Question

Calculate the number of moles and the mass of the solute in each of the following solutions:(a) 2.00 L of 18.5 M H2SO4, concentrated sulphuric acid
(b)100.0 mL of 3.8 x 10-5 MNACN, the minimum Lethal concentration of sodium cyanide in blood serum
(c)5.50 L of 13.3 M H2CO, the formaldehyde used to "fix" tissue samples.
(d)325 mL of 1.8 x 10-6 M FeSO4, the minimum concentration of iron sulphate detectable by taste in drinking water.

Answer 1

Explanation:

$c=\frac{n}{V}$

c = Concentration of the solution

n = Moles of compound in solution

V = Volume of the solution

a) 2.00 L of 18.5 M of concentrated sulfuric acid.
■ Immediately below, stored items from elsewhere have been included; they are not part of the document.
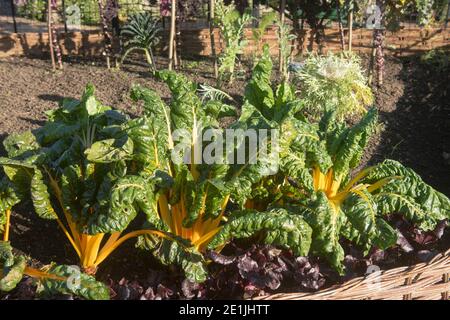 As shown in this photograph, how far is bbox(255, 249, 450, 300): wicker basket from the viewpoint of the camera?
3.09 metres

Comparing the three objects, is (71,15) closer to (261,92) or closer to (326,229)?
(261,92)

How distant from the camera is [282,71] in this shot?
22.6 feet

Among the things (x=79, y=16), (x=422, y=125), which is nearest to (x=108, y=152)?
(x=422, y=125)

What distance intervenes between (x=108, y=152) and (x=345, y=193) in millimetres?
1406

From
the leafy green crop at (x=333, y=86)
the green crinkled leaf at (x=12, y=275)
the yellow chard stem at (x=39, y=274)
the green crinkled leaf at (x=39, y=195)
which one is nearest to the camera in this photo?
the green crinkled leaf at (x=12, y=275)

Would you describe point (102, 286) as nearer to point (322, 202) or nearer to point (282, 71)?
point (322, 202)

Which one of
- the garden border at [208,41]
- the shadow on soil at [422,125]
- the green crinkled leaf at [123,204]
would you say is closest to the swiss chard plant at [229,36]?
the garden border at [208,41]

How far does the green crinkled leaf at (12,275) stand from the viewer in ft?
9.70

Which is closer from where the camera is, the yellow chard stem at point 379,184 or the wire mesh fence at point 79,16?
→ the yellow chard stem at point 379,184

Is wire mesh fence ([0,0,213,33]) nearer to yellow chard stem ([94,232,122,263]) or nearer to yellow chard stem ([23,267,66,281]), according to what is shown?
yellow chard stem ([94,232,122,263])

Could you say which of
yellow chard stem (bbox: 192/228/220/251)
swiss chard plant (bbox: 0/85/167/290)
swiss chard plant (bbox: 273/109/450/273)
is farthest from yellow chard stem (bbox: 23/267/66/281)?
swiss chard plant (bbox: 273/109/450/273)

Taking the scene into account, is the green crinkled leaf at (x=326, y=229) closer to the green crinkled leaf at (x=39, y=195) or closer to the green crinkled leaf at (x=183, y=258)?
the green crinkled leaf at (x=183, y=258)

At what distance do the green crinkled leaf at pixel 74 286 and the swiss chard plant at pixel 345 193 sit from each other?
1125 millimetres

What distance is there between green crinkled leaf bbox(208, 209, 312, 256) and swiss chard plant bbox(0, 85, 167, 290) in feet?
1.60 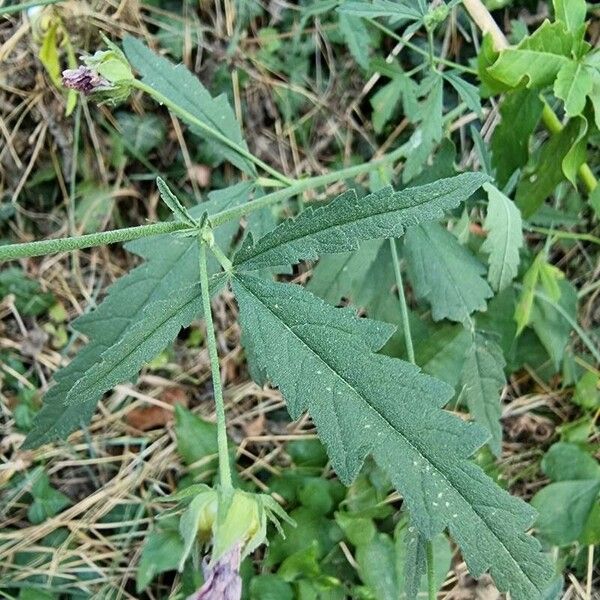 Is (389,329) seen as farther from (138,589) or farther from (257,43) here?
(257,43)

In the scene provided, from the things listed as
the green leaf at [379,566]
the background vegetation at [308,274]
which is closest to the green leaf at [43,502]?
the background vegetation at [308,274]

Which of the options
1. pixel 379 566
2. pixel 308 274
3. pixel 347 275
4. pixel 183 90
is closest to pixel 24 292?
pixel 308 274

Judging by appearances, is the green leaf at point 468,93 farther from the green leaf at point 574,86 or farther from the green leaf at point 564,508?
the green leaf at point 564,508

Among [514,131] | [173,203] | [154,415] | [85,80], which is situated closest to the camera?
[173,203]

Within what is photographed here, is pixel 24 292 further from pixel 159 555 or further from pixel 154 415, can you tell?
pixel 159 555

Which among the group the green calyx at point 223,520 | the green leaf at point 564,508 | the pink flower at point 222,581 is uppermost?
the green calyx at point 223,520

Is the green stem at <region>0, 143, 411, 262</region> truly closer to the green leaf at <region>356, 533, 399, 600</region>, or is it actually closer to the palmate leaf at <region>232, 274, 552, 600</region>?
the palmate leaf at <region>232, 274, 552, 600</region> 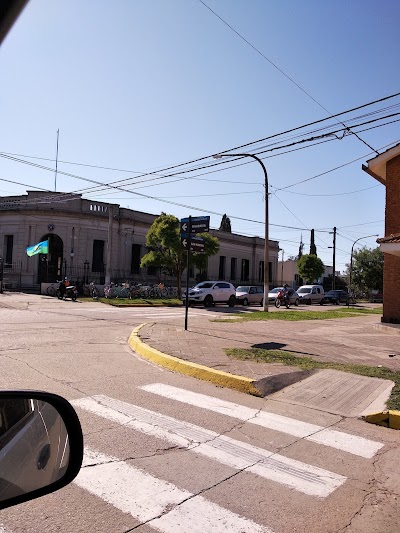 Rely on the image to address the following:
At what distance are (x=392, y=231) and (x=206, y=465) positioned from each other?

n= ? c = 18.5 M, V = 2.00 L

$18.5 M=\frac{n}{2.00 L}$

n = 37 moles of sulfuric acid

b) 100.0 mL of $3.8\times 10^{-5} M$ of  sodium cyanide

n= ? ,c = $3.8\times 10^{-5} M$, V = 100.0 mL = 0.1 L

$3.8\times 10^{-5} M=\frac{n}{0.1 L}$

n = $3.8\times 10^{-6} moles$ of sodium cyanide

c) 5.50 L of 13.3 M of concentrated formaldehyde.

n= ? c = 13.3 M, V = 5.50 L

$13.3 M=\frac{n}{5.50 L}$

n = 73.15 moles of formaldehyde.

d)325 mL of $1.8\times 10^{-6} M$ of  iron sulphate

n= ? ,c = $1.8\times 10^{-6} M$, V = 325 mL = 0.325 L

$1.8\times 10^{-6} M=\frac{n}{0.325 L}$

n = $5.85\times 10^{-7} moles$ of iron sulfate.